Right-wing Tories such as Daniel Hannan and Paul Goodman went out of their way to praise the “painfully respectable” politics of the AfD when they were admitted to the Conservative party’s AECR parliamentary group in May 2014. This was never an accurate description, and it’s rapidly unravelling. The AfD was never just a vehicle for eccentric economics professor Bernd Lücke’s ideas about the reform of the Eurozone. Particularly in the former East Germany, it functions as a catch-all vessel for misogyny, homophobia and racism, launching high-profile campaigns to restrict abortion rights for German women and oppose gay marriage. Now, there is a major power-struggle going on at the top of the party over its future direction, with extreme xenophobia in the ascendant.
An AfD faction based in the German region of Saxony are trying to force out Lücke and tap into a rising tide of anti-Islamic sentiment. In recent months, public housing for Syrian refugees has been firebombed, and the ‘pinstriped Nazis’ of Pegida have marched in their tens of thousands, chanting hate against Germany’s sizeable Muslim minority. Explicitly neo-Nazi groups, such as the National Party of Germany (NPD) and ‘Hooligans against Salafism’, have been in evidence at Pegida demonstrations.
For a “painfully respectable” party like the AfD, you’d think all this would be poison. You’d be wrong. In recent days, Pegida and the AfD have joined forces in seeking to exploit the Charlie Hebdo attacks to make sinister suggestions about Muslims’ fundamental “incapacity for democracy”. The day after the attacks, the Saxony AfD and a spokesman from Pegida announced at a joint press conference that the two organisations were working together to find common ground on restricting further immigration into Germany.

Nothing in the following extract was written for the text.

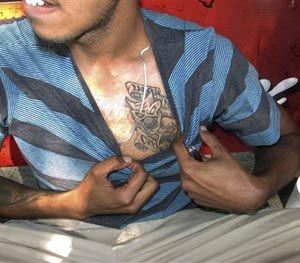 In this Sept. 5, 2014 photo, a reputed member of the Los Solidos street gang shows his tattoo to police in Hartford, Conn.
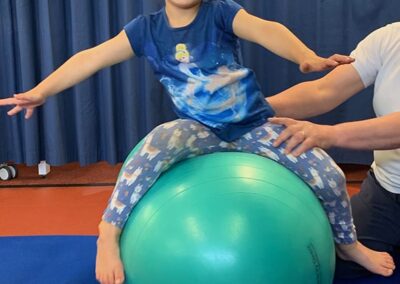 Having fun during advanced balance practice in Physio for child with dyspraxia, developmental co-ordination disorder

Not quite the support David Cameron has been looking for in his own campaign to clamp down on European free movement. Angela Merkel has straightforwardly condemned the Pegida marchers for their “prejudice, chilliness, even hatred”. Cameron need do far less to demonstrate even a whisper of commitment to the compassionate Conservatism he once espoused: warn the AfD that it needs to stop consorting with racists if it wants to preserve its parliamentary alliance with the Tories. Don’t hold your breath, though. The Prime Minister has definite form here. He can almost always be trusted to put the anti-European fantasies of his backbenchers before basic political sense.